**Exercise input**
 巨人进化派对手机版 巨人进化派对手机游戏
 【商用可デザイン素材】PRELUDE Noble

==

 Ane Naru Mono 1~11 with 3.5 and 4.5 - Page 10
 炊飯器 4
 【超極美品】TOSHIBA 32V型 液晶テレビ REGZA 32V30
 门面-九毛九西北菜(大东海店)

...

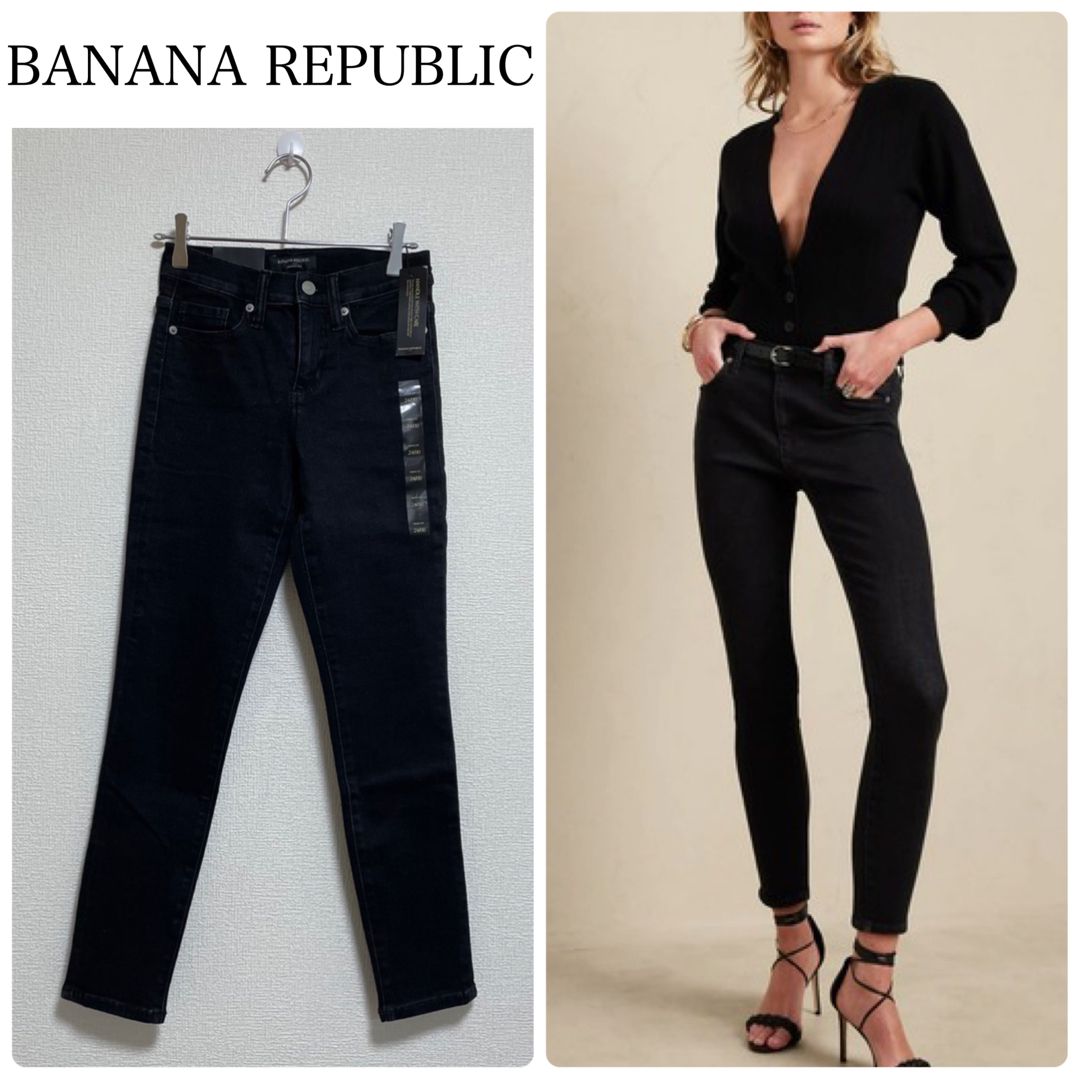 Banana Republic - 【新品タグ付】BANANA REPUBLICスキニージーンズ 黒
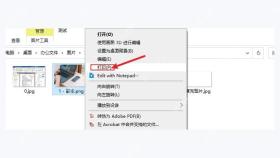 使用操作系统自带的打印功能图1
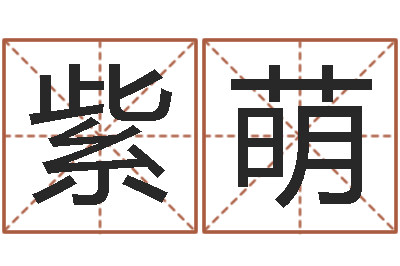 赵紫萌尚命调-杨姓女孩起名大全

**Prompt**
Write down, word for word, the lines above from the one containing "Ane Naru Mono" through the one containing "门面-九毛九西北菜(大东海店)", both ends included.

**Task result**
 Ane Naru Mono 1~11 with 3.5 and 4.5 - Page 10
 炊飯器 4
 【超極美品】TOSHIBA 32V型 液晶テレビ REGZA 32V30
 门面-九毛九西北菜(大东海店)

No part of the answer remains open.